The investigations into the Z-average and PdI of the optimized formulation and blank micelles were carried out by the DLS method (Malvern Instruments, Worcestershire, UK) at an approximate temperature of 35 °C to closely mimic the nasal cavity temperature and assess micelle thermal behavior [31]. All measurements were carried out in triplicate (n = 3), and the results are expressed as the mean ± SD.

2.4.3. Determination of Encapsulation Efficiency (EE%)

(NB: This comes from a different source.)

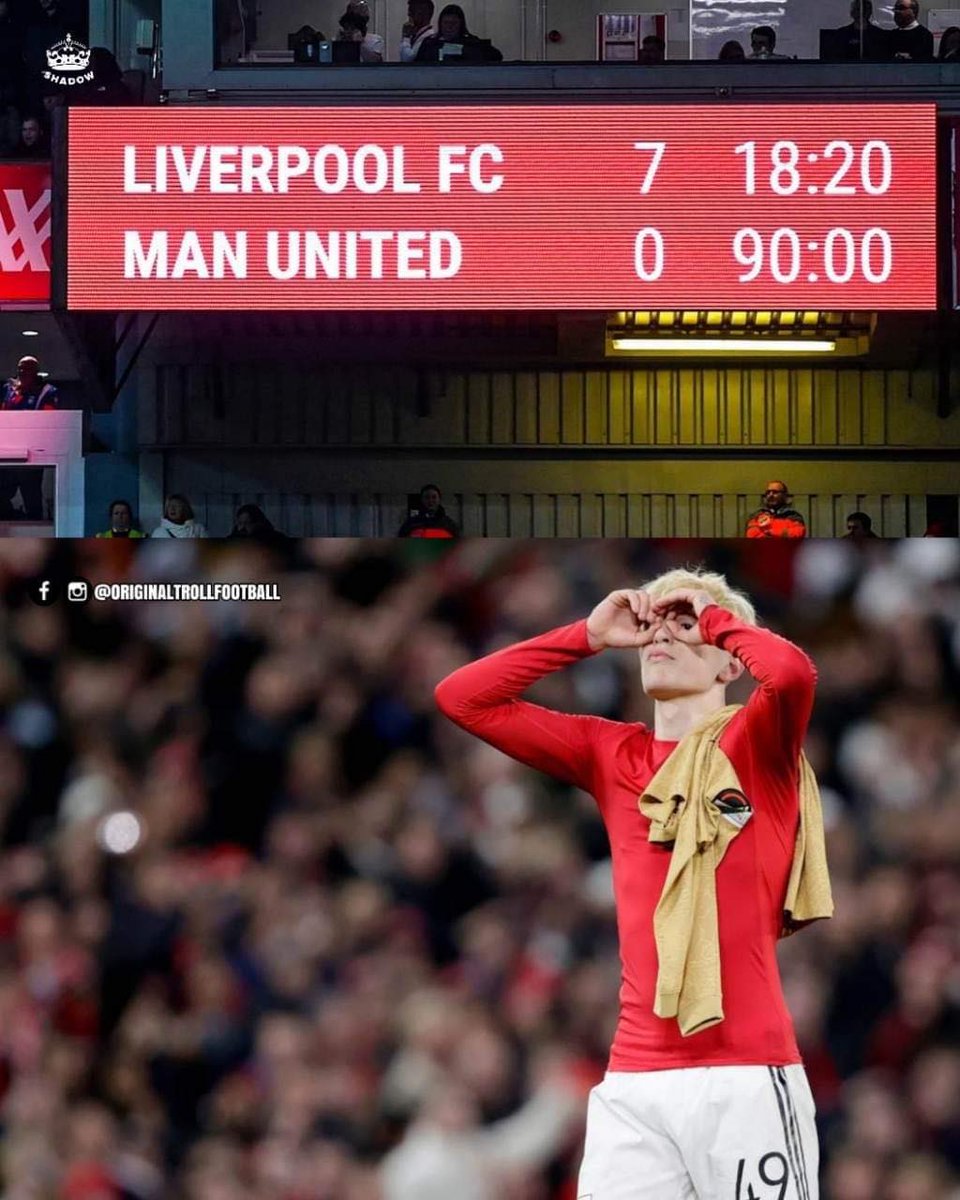 GutismoRM's tweet photo. Desde que Garnacho se burló del Barça solo ha hecho el RIDÍCULO:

The indirect method was used to determine the encapsulation efficiency of CT-PM [42]. The freeze-dried samples were dissolved in 1 mL of purified water and placed in Eppendorf® tubes. The Hermle Z323 K high-performance refrigerated centrifuge (Hermle AG, Gosheim, Germany) was used to separate the CT-loaded micelles from the aqueous media by centrifugation with a speed of 13,500 rpm at 4 °C for 45 min. Quantitative measurements were performed via HPLC. The measurements were conducted in triplicate (n = 3) and the results are expressed as the average ± SD. The following equation was applied to calculate EE:
E E   % =   I n i t i a l   C T   mg M e a s u r e d   C T   i n   t h e   s u p r e n a t a n t     ( mg ) I n i t i a l   C T   ( mg )   × 100

2.4.4. Determination of the Thermodynamic Solubility

The saturation method was utilized to determine the enhancement of CT’s thermodynamic solubility in water [42]. An excessive amount of freeze-dried cakes was added to 1 mL of dissolution medium at 25 °C until visible sedimentation occurred, and continuously stirred for 72 h. The solutions were filtered through a 0.22 µm polyether sulfone (PES) membrane filter. The CT concentration in the filtrate was determined via HPLC. All measurements were performed in triplicate (n = 3), and the results are expressed as the mean ± SD.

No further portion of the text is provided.